Alzheimer’s disease is a horrendous illness affecting nearly 36 million people worldwide, mostly over the age of 60, and costing over US$600 billion in care costs, according to the World Health Organization. In New Zealand alone the cost to the taxpayer is in excess of NZ$1 billion (Alzheimer’s New Zealand) because of the high level of care required for the 150,000 people suffering from the disease. These numbers will only increase as the global population ages. Currently there is no cure for the disease, or even particularly effective treatments to alleviate the symptoms. Researchers have tried for decades to develop drugs and lifestyle interventions to combat Alzheimer’s, but with little success. The main problem is that we still have a poor understanding of what causes the disease. However, what we have discovered has helped guide the development of potential treatments and new research directions into the causes and progression of the disease.

In very rare cases, Alzheimer’s disease runs in families (only 12 families worldwide) – individuals affected develop Alzheimer’s before their 40s and the symptoms tend to be quite severe. Study of these people have provided a starting point for looking into the cause and development of the disease, and this has led to the identification of genes that are involved, and some of the biological processes that might underlie the more common sporadic cases, with no known common genetic origin.

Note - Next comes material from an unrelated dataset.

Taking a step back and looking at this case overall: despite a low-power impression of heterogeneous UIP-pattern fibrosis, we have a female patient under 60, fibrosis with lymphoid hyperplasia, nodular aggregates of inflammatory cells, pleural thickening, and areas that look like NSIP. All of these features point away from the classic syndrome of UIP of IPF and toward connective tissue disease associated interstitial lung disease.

Research over the last century into Alzheimer’s has highlighted the importance of a protein called Amyloid-Beta, which is a defining feature of the disease. Amyloid-Beta proteins are like the schoolyard bullies - they congregate together in the brain and interfere with the normal working of brain cells, damaging them in the process. The more the disease progresses, the more Amyloid-Beta there is, the more brain cells die, the worse the symptoms get. However, it’s not all bad news - Amyloid-Beta has a cousin called sAPPα, who’s very against bullying. Amyloid-Beta and sAPPα are both derived from the same grandparent protein, but while the former is damaging to brain cells, the latter actually helps protect them - it stands up to the bullies and doesn’t let them get away with it. In our hypothetical schoolyard is another molecule, zinc, which is like a social chameleon. In some cases it hangs out with the Amyloid-Beta, binding onto the protein when it groups together, but at other times it might actually help sAPPα protect brain cells.

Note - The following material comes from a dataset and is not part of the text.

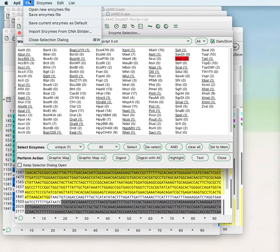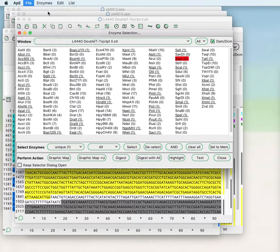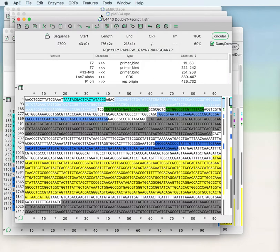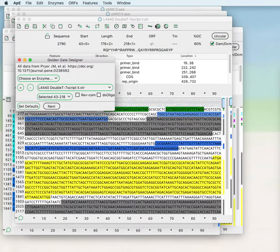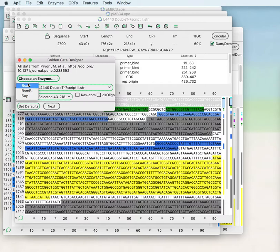You can then do file save current enzymes as default and those will be saved for the next time that you open APE. But in this case we already have several enzymes available to us.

My research aims to figure out how sAPPα and Amyloid-Beta interact on the molecular level, and the contribution of zinc to both the damage done by Amyloid-Beta and the protection given by sAPPα. SAPPα and Amyloid-Beta, as relatives, share a length of their protein sequence, which contains a number of locations where zinc can bind. The zinc encourages Amyloid-Beta to clump together, but somehow prevents some of the damage it would otherwise do to brain cells. The aim of my research is to determine how zinc changes the toxicity of Amyloid-Beta and how it changes the ability of sAPPα to protect brain cells. Furthermore, I am investigating whether the shared sequence between sAPPα and Amyloid-Beta is necessary for their interaction, especially in the context of their mutual relationship with zinc.

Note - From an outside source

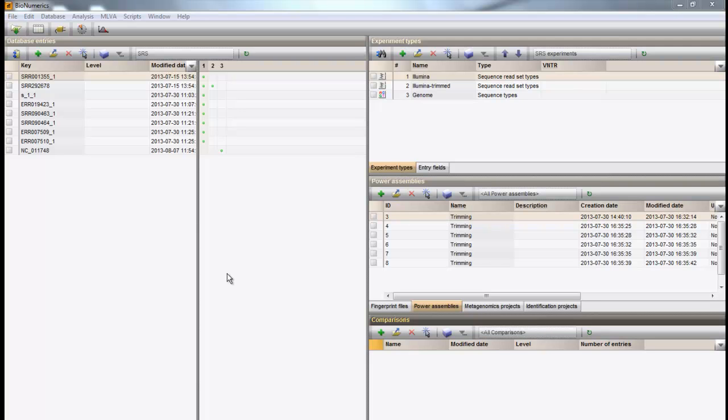The first thing we need is our reference genome. For this example, a reference sequence was downloaded from the NCBI sequence repository. For more information on how to import sequences from online repositories, have a look at our video on the import of sequences from public databases.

My research should shed light on the complex relationship between these molecules in the brain, an area which, while quite extensively explored, lacks clarity and consensus. On top of that, if zinc turns out to be a major player in the brain’s “schoolyard” dynamics, it may also highlight novel treatment strategies for Alzheimer’s. For example, sAPPα therapies are in very early stages of development and if zinc plays a role in regulating its protective function, these therapies may be improved or enhanced by manipulating zinc.

Alzheimer’s is a disease which will impact our lives and the lives of our loved ones, directly or indirectly. This is a very exciting area of research and the possibility of changing millions of lives for the better is as good a reason as any to go down this road.